In today's newspaper I read about a new restaurant whose owner described its cuisine as "comfort food." I'm not sure what that means exactly, but I suspect health-minded vegetarians like me wouldn't find much to eat there.
Still, I can identify with the concept, because I've been getting into comfort shopping. Not that this is something entirely new for me -- earlier this year I praised the iPhone 4 as the way to perfect happiness.
Yes, money can make us happy when it's used to buy the right things. In these tough economic times, the problem is finding the right "right" for us. Obviously this will be a personal, individual, idiosyncratic decision.
I'm finding that relatively small purchases can bring me more satisfaction than I would have anticipated back in the days when we could more easily afford fairly expensive stuff.
A few months ago I got enthused about trading in our 2006 Highlander Hybrid for a new model. After comparing the cost of doing this with our disposable income, it didn't take me long to dispose of the new car notion for the foreseeable future.
But I couldn't get rid of the idea that if I could only buy something, I'd be happier. After all, what other reason -- deep down -- is there for making a purchase, whether large or small? If it doesn't enhance our wellbeing, why would we want to fork out money for it?
So I started to be more mindful about what sort of stuff really gives me pleasure (aside from my iPhone 4). Books, for sure. Thus my Amazon purchases continue to be frequent, especially now that I've got the free shipping benefit of Amazon Prime.
What else, though? I paid attention to what material objects produced a warm glow of ahhhhh, yessssss! And found that often these were things that I wore, which sort of surprised me, since I've never been much of a clothes shopper.
Women probably would respond "Well, duh..." to my big personal discovery. I know my wife would. She cares about what she wears, not out of vanity (well, at least not much), but because she feels better when her apparel melds with her sense of style, color preferences, matching sensibility, and such.
My daughter is the sales director for a high-end designer eyeware company, Barton Perreira. When she first started in this business, I wondered why the heck someone would pay $300 (or more) for a pair of dark glasses.

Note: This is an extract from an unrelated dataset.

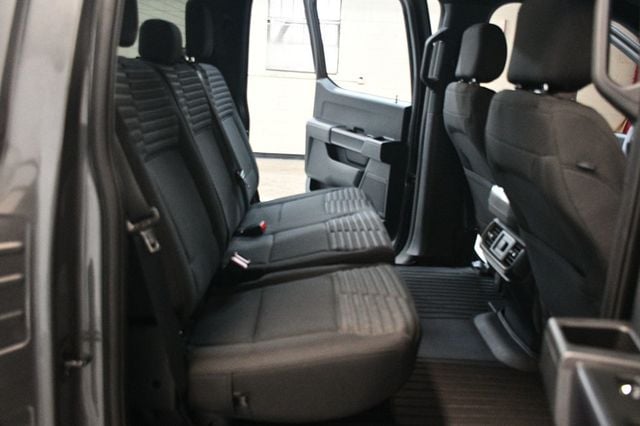 2021 Ford F-150 XL 2WD SuperCab 6.5' Box - 22986400 - 33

Now I'm coming to understand. Our bodies are with us all of the time. When we're wearing something that makes us feel good, whether clothing or an accessory, it's right there -- not hanging on a wall or sitting on a shelf at home, or parked in a garage.
However, like I said, people are different. Some are attracted to comfort clothes, others to comfort art, others to... whatever. I'm just finding that the right sort of jacket, shoes, or gloves (for example) can provide a high happiness/cost ratio for me.
Every day, late in the afternoon, I head out on a two mile dog walk. Rain or shine, cold or hot. This part of the year in Oregon it's typically rainy and/or cold. I don't really mind, though, now that I've assembled a "comfort clothes" dog walking outfit.
I love my waterproof North Face Resolve jacket, REI rain pants, LL Bean hiking shoes, and Mountain Hardwear gloves. It isn't just they're functional; they make me feel good. I particularly like how the yellow laces of my gray/black shoes go with the yellow highlights of the gloves.
Writing that last sentence stimulated an unwanted voice inside my head: "That sounds so gay." Well, so be it. This thoroughly heterosexual martial arts-practicing maxi-scooter riding guy likes how his shoelaces and gloves match. Reality is what it is.
And that's the key to my comfort clothes philosophy. Or comfort anything. We've got to be honest with ourselves about what gives us pleasure. We may be the only people in the world who love some weird thing, or combination of weird things. So what?
I've started wearing my LL Bean shoes with the yellow laces more of the time. In fact, today I ordered another pair so I can have clean ones for going into town, and dirty ones for the dog walks and other hiking adventures.